La cannabis è un tema prioritario per molti e non potrebbe esser altrimenti visto che viene usata abitualmente da sei milioni di persone. È un tema, come tanti, «sensibile». Ma non nel senso inteso dai Letta o Renzi di turno: è sensibile perché tocca – o ha toccato nel corso della vita – quasi la metà della popolazione adulta italiana!

Per sbloccare lo stallo politico e istituzionale serviva un segnale politico forte, grazie alla firma digitale – tra l’altro frutto di un ricorso di Mario Staderini a seguito di una campagna referendaria che articolava una depenalizzazione della cannabis nel 2012 – abbiamo resto immediatamente attivabile il «pieno godimento» dell’articolo 75 della Costituzione.

Con il gruppo di lavoro con cui abbiamo discusso quest’estate siamo consci dei limiti dello strumento referendario (che può solo abrogare leggi), e degli orientamenti che negli anni la Corte Costituzionale ha introdotto. Il quesito di quest’estate si pone in dialogo con la Corte e le sue sentenze facendo tesoro delle pronunce sull’ammissibilità dei referendum del ’93 e del ’96.
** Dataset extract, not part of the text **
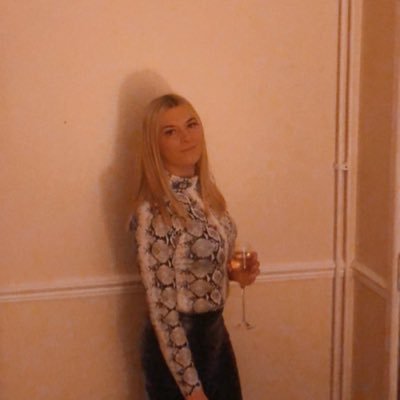 laurenrhodes281's profile picture. Swansea city fan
Ma da allora sono passati 25 anni. L’ondata proibizionista di Reagan e Craxi è finita come il «mondo senza droghe è possibile in 10 anni» dell’intrepido Pino Arlacchi. Proclami morti e sepolti insieme alle centinaia di migliaia di vittime e desaparecidos vittime della guerra alla droga. Nel 2016 l’Onu ha messo nero su bianco la flessibilità delle convenzioni e la possibilità per gli Stati di innovare: Uruguay, Canada, Giamaica, Messico e 19 stati Usa, la culla del proibizionismo, hanno scelto la regolamentazione legale della cannabis. L’Italia resta ferma alla Jervolino Vassalli di oltre 30 anni fa.

Il quesito prevede l’eliminazione del reato di coltivazione di tutte le piante. Tutte, mantenendo il reato per la fabbricazione, produzione e detenzione, condotte più che sufficienti per colpire chi non si coltiva la pianta di cannabis per uso personale. Anche l’hashish non rientra nella «mera» coltivazione. Si rimuove l’ultimo alibi nella legge che induce – nonostante la sentenza a sezioni penali unite della Cassazione – procure e forze dell’ordine a perseguire chi coltiva per uso personale.

Si interviene inoltre con l’eliminazione del carcere per la cannabis eliminando le pene detentive per le condotte poste al di fuori del sistema «autorizzativo» già presente nel Testo Unico, per, tra le altre cose, aprire la strada a una più completa regolamentazione legale. Infine, si chiede la cancellazione della sanzione amministrativa più applicata e afflittiva: il ritiro della patente. Questi tre ritagli rimuovono lo stigma verso chi usa una foglia oggi colpita con il ritiro della patente anche a piedi! O segnalate dopo una perquisizione in casa. Chiaramente rimane intatto l’art. 187 del codice della strada che colpisce la guida in stato alterato.

Quando abbiamo presentato il quesito in Cassazione il 7 settembre 500.000 firme in 20 giorni sembravano un’impresa quasi impossibile. Oggi sono una realtà. Il referendum è promosso dalle Associazioni Luca Coscioni, Meglio Legale, Forum Droghe, Società della Ragione e Antigone. Alla proposta partecipano rappresentanti di +Europa, Possibile e Radicali italiani, Sinistra Italiana, Rifondazione Comunista, Potere al Popolo e decine di gruppi.